The re module has a number of functions. The simplest of which is the match() function. It matches the regular expression pattern to the first match in a string and returns a match object. This object has multiple attributes and functions which can be accessed by calling them against that object, for example:

  • span() : returns 2-tuple (match.start, match.end)
  • group() : returns the match if it is the only one or a tuple of matching subgroups (in the case of the other function "search"). These matches are indexed by names or indices. The function group() takes the indices as an argument. So, when using match function, no arguments are needed as it returns the entire match.
  • end(group=0) : return index of the end of the substring matched by group.
  string = "It rains cats and dogs"
  match = re.match('It', string)
  =><re.Match object; span=(0, 2), match='It'>
  match.group() ==> "It"
  match.end() ==> 2
  match.start() ==> 0
  match.span() ==> (0, 2)

The power of match function comes with special regex characters which start from the beginning of string and search for other patterns in the rest of string.

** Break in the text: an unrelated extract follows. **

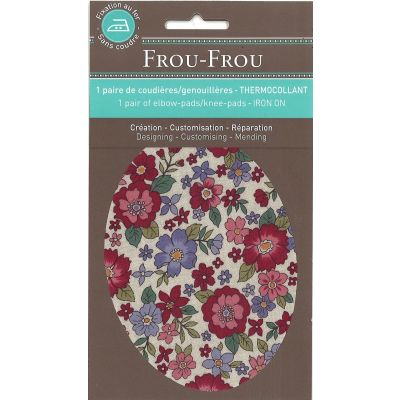 Coudières Genouillères thermocollantes Frou-Frou Fleuri Rouge grandes fleurs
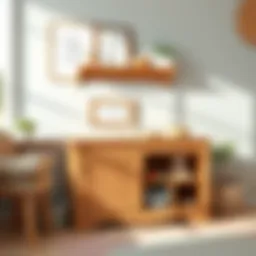 Stylish toy storage unit made of natural wood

For example, to search for cats and dogs in the previous string, you may give a patterns contained inside brackets to form separate groups. The whole string is group 0 and each each other group is given a number increasing from left to right.

  string = "It rains cats and dogs"
  match = re.match('.*\s(.*)\sand(.*)', string)
  match.group(1) ==> 'dogs'
  match.group() ==> 'It rains cats and dogs'
  match.group(1) ==> 'cats'
  match.group(2) ==> 'dogs'

Search Function

The Search() function search for a match anywhere in the string not only at the beginning. However, it returns only one instance of the match even if there are more than one match. To find all the matches, use findall() function.

  import re
  string = "There are wild cats, domestics cats and pussy cats"
  match = re.search('cats', string)
  match.group() ==> 'cats'

Findall Function

Syntax : findall(pattern, string, flags=0)

Findall function returns a list of all non-overlapping matches in the string.

for example, to match any one single decimal number in an address :

  string = "213 Lincon street, Floor 7, Flat 8"
  match = re.findall('\d', string) ==> ['2', '1', '3', '7', '8']

Find and Replace

There is a dedicated function to find a sequence of characters matching a pattern and replace it with another provided as an argument. You can use backreference to indicate part of the pattern in the replacement string.

SYNTAX: re.sub(pattern, repl, string[, count, flags])

  • pattern: Search pattern i.e. pattern by which you have to make replacements
  • repl: Replacement string
  • string: Original string
  • count: No of replacements to make (optional parameter)
  import re
  string = "213 Mobile, Charger 7, Case 8"
  re.sub('(\d+)','\\1$', string) ==> '213$ Mobile, Charger 7$, Case 8$'

SPLIT With Regex

Regular expressions allow slicing of a string in ingenious ways. With Split() function you may slice a string by whatever sequence of characters. You can also limit how many splits you like to get.

Syntax : split(pattern, string, maxsplit=0, flags=0)

Split divide the source string by the occurrences of the pattern, returning a list containing the resulting substrings.

If capturing parentheses are used in pattern, then the text of all groups in the pattern are also returned as part of the resulting list.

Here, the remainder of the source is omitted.